Records from a data source
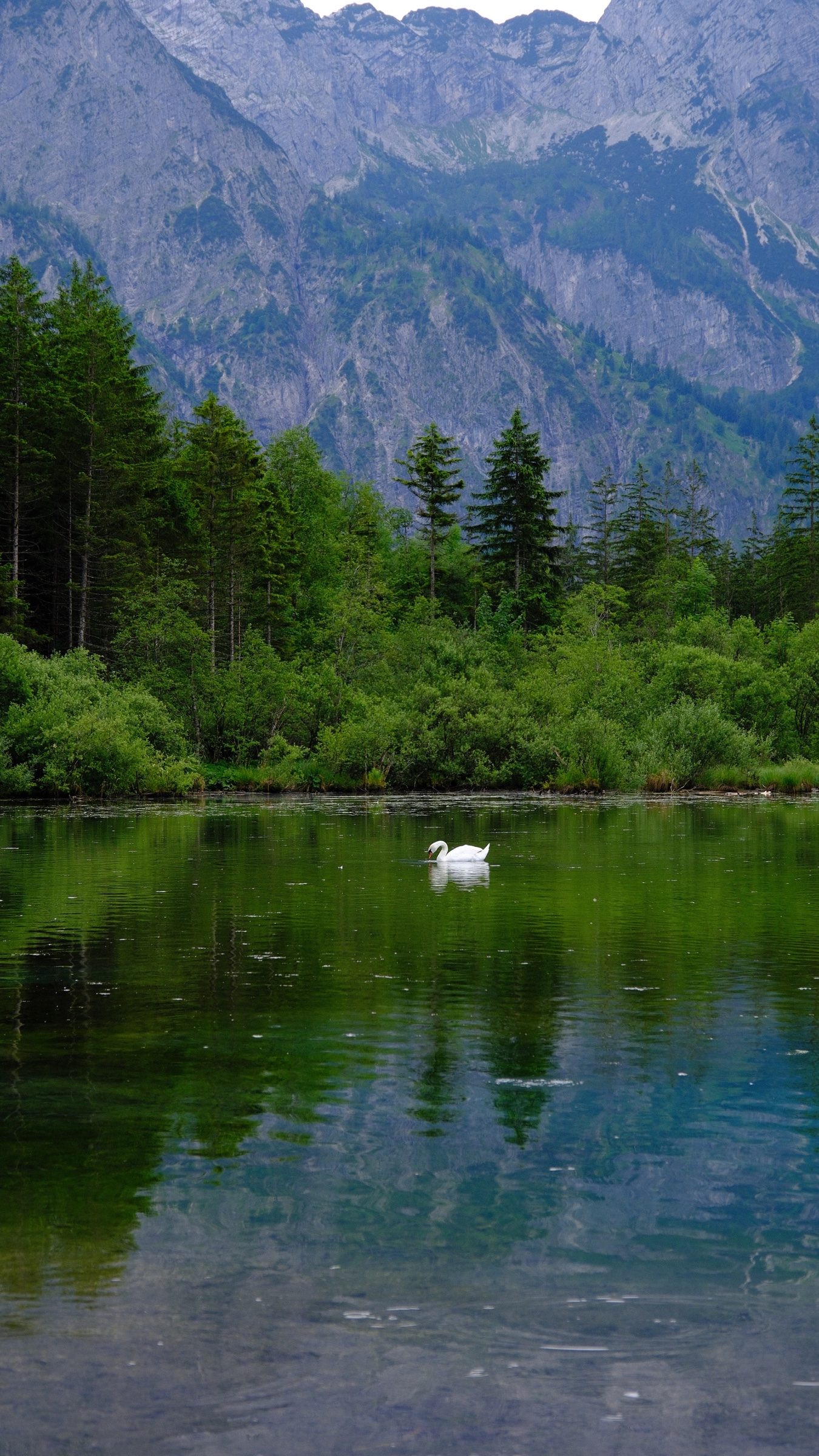 A lone swan crossing the green water of Almsee beneath the immense limestone mountain wall.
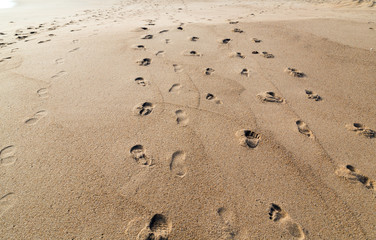 Hiker in sand desert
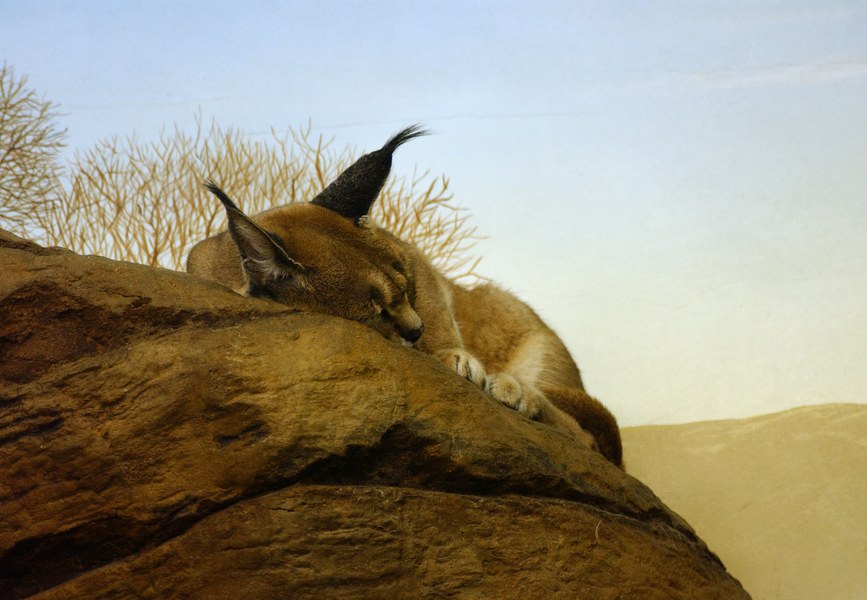 Caracal caracal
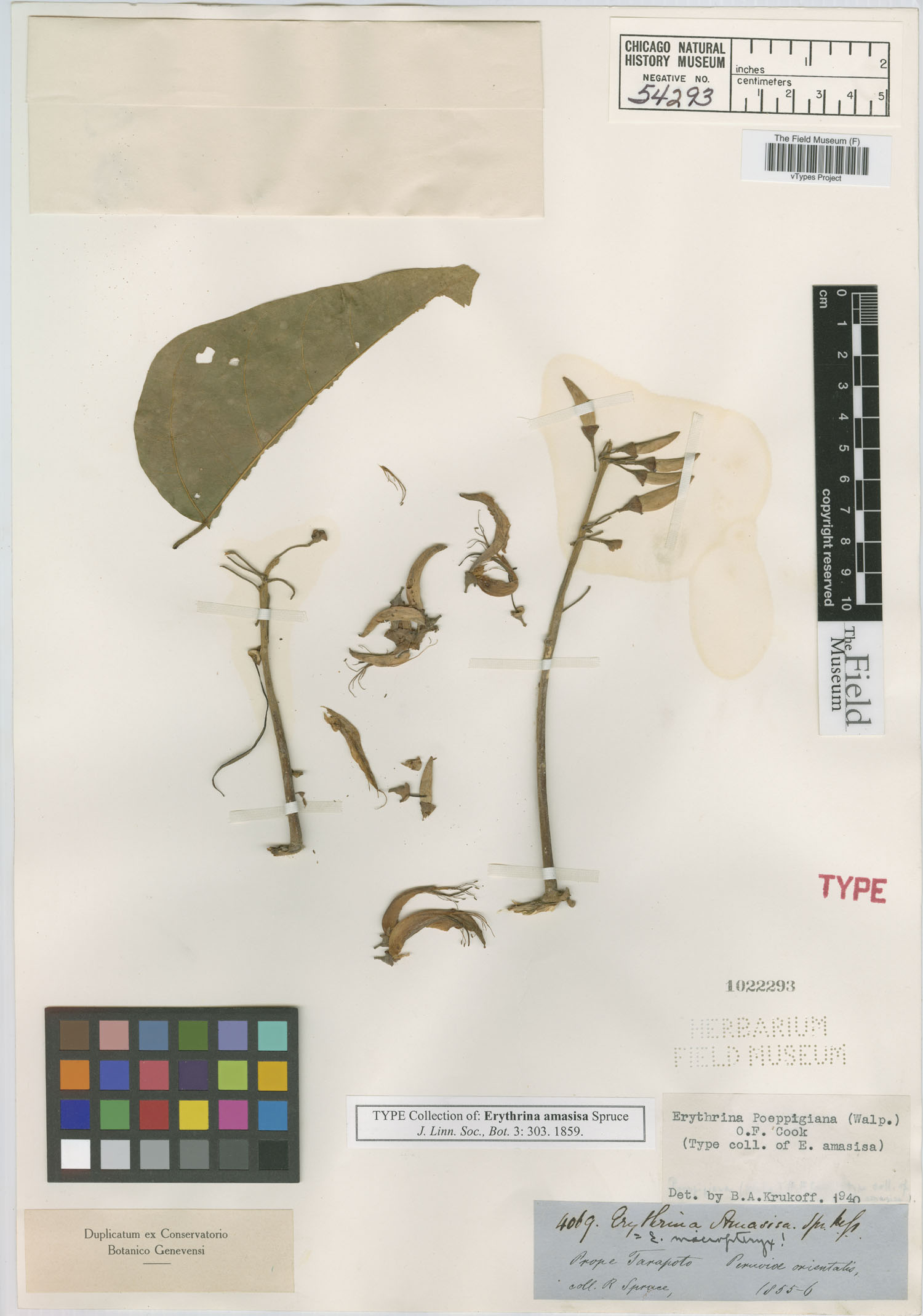 Erythrina amasisa image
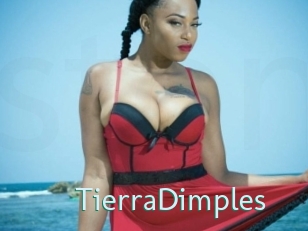 TierraDimples
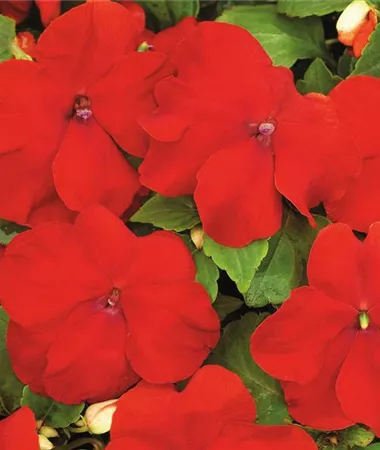 Impatiens walleriana
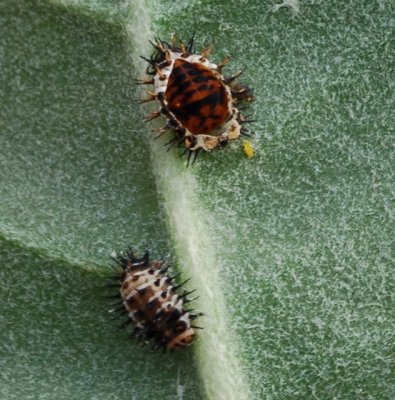 Future Ladybugs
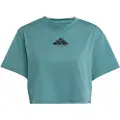 Adidas Climacool Vintage Training Graphic Kortarmet T-skjorte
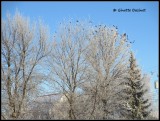 trop d'oiseaux noirs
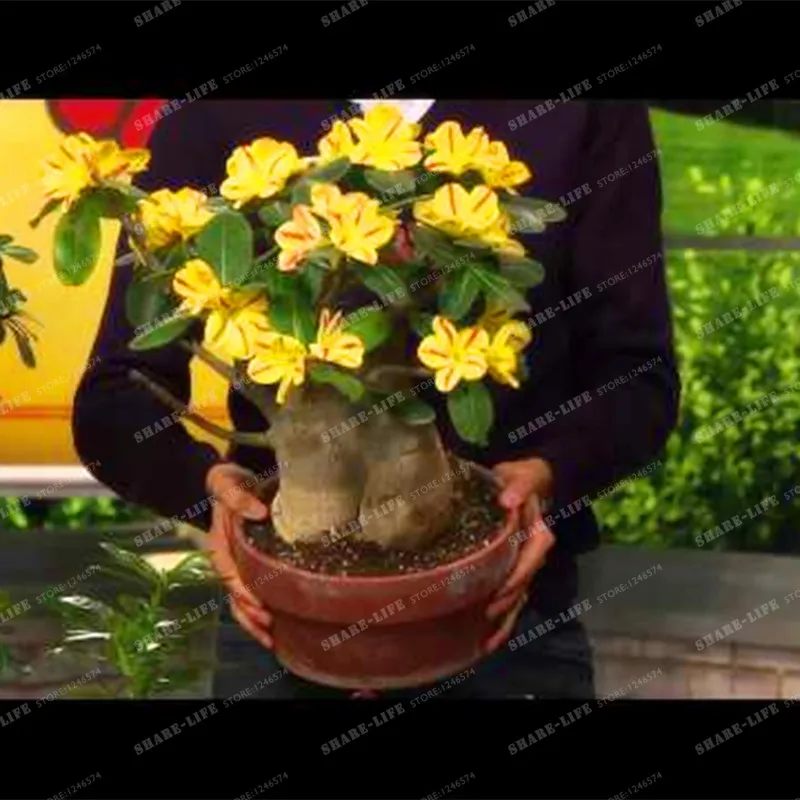 Rare Swaziland Princess Sabi Star Gemini Desert Rose Yellow Adenium Bonsai Plant Home Garden 1PCS Rare Swaziland Princess Sabi Star Gemini Desert Rose Yellow Adenium Bonsai Plant Home Garden 1PCS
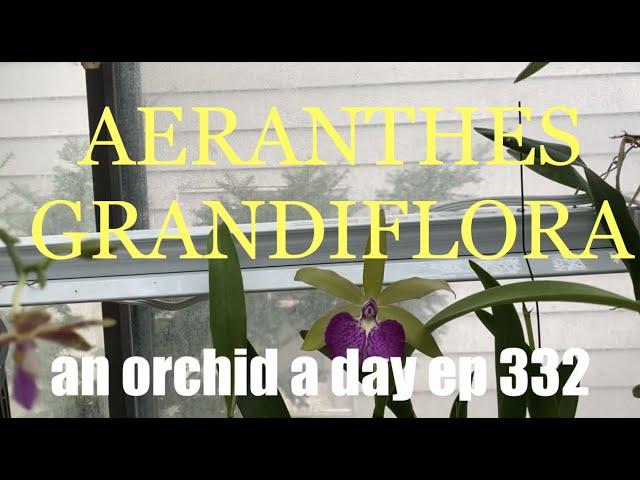 AN ORCHID A DAY EPISODE 332  AERANTHES grandiflora #orchidgreenhouse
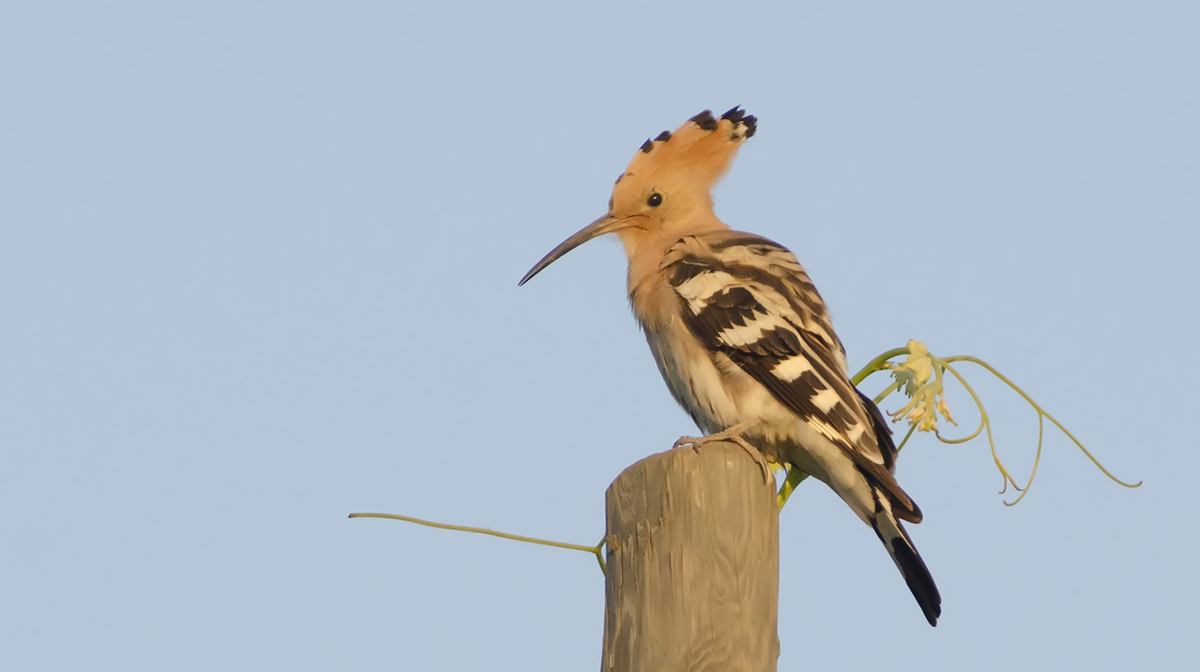 Hoopoe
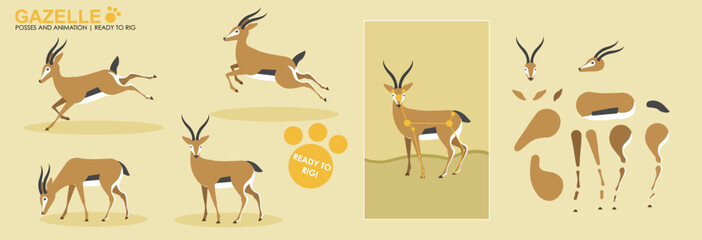 Cute animation Gazelle, ready to animate and rig, collection of poses, set for animation, Gazelle jumping, safari animals, vector collection, set. 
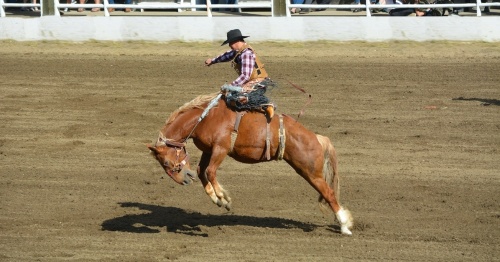 Rodeo stock image
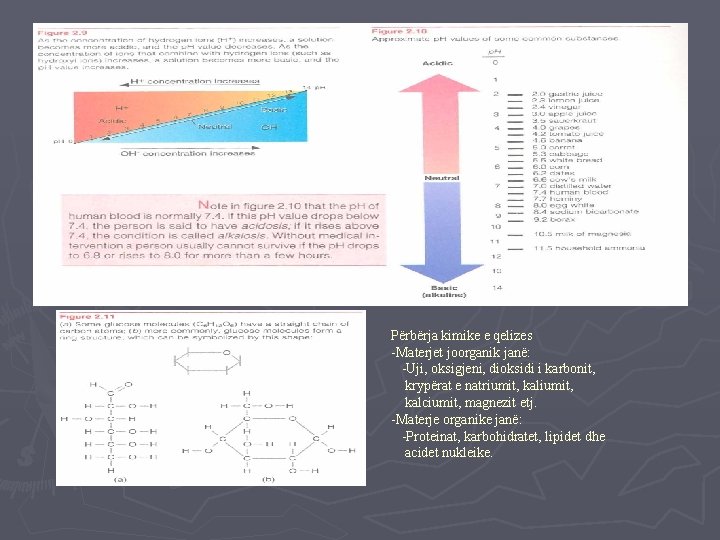 Përbërja kimike e qelizes -Materjet joorganik janë: -Uji, oksigjeni, dioksidi i karbonit, krypërat e
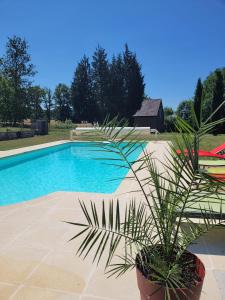 Una planta en maceta junto a una piscina. en Maison du parc - Château de Musigny, en Musigny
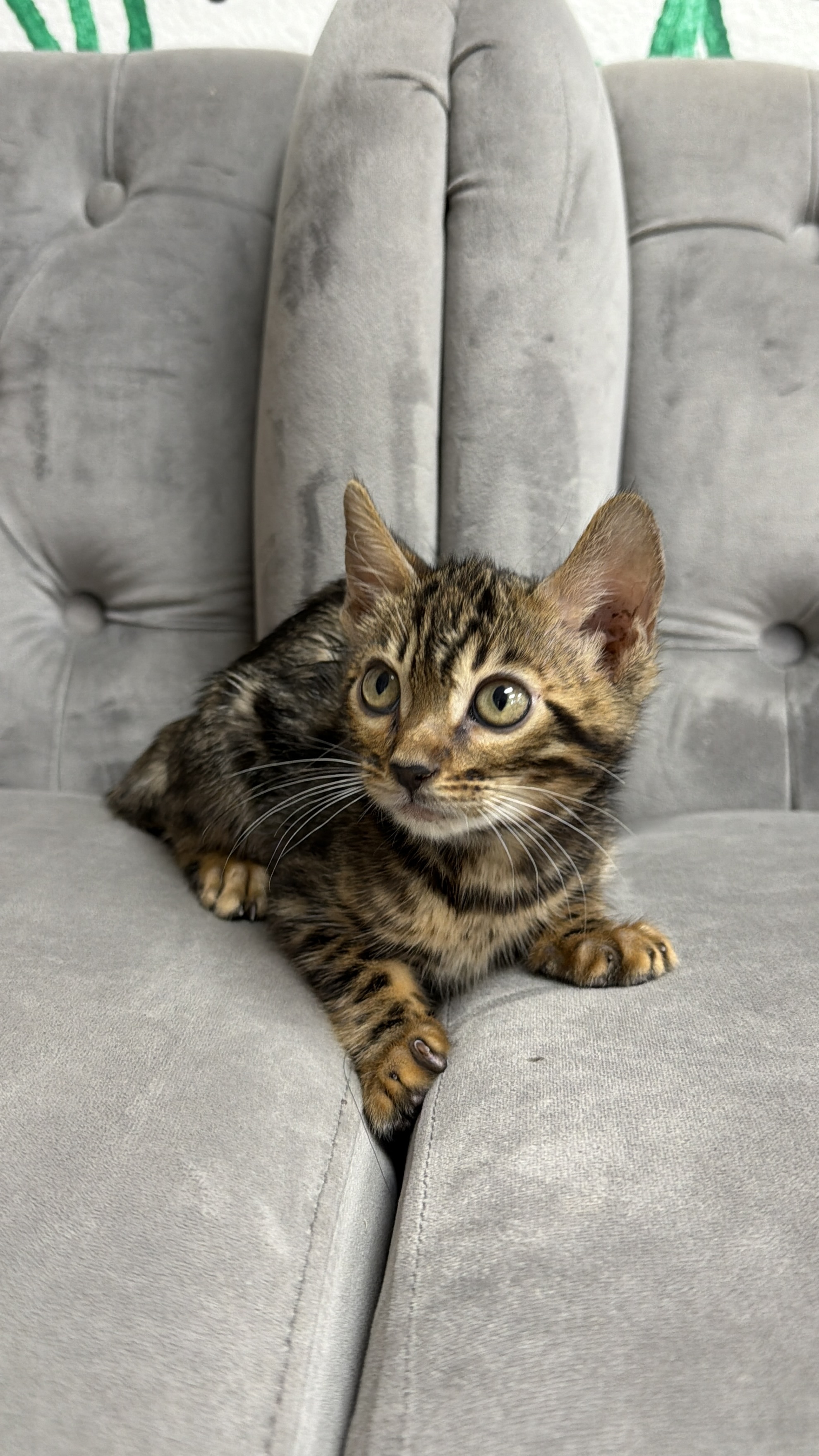 Purebred Bengal Kitten - “Truffles” -  NEW!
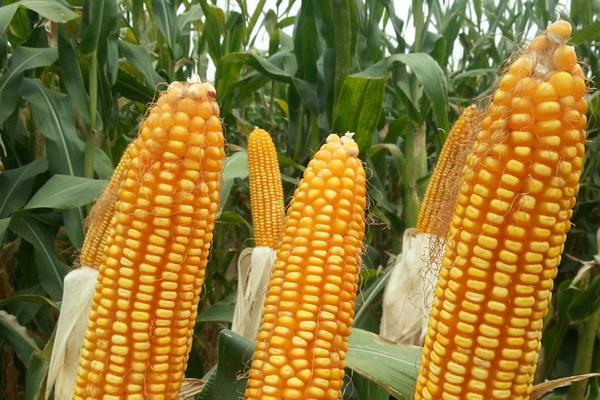 鑫育138玉米种子特征特性，密度4200—4800株/亩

» Problem description
Every line from the one with "AN ORCHID A" to the end of the records above should be restated word for word, and no picture belongs in the copy.

» Answer space
 AN ORCHID A DAY EPISODE 332  AERANTHES grandiflora #orchidgreenhouse
 Hoopoe
 Cute animation Gazelle, ready to animate and rig, collection of poses, set for animation, Gazelle jumping, safari animals, vector collection, set. 
 Rodeo stock image
 Përbërja kimike e qelizes -Materjet joorganik janë: -Uji, oksigjeni, dioksidi i karbonit, krypërat e
 Una planta en maceta junto a una piscina. en Maison du parc - Château de Musigny, en Musigny
 Purebred Bengal Kitten - “Truffles” -  NEW!
 鑫育138玉米种子特征特性，密度4200—4800株/亩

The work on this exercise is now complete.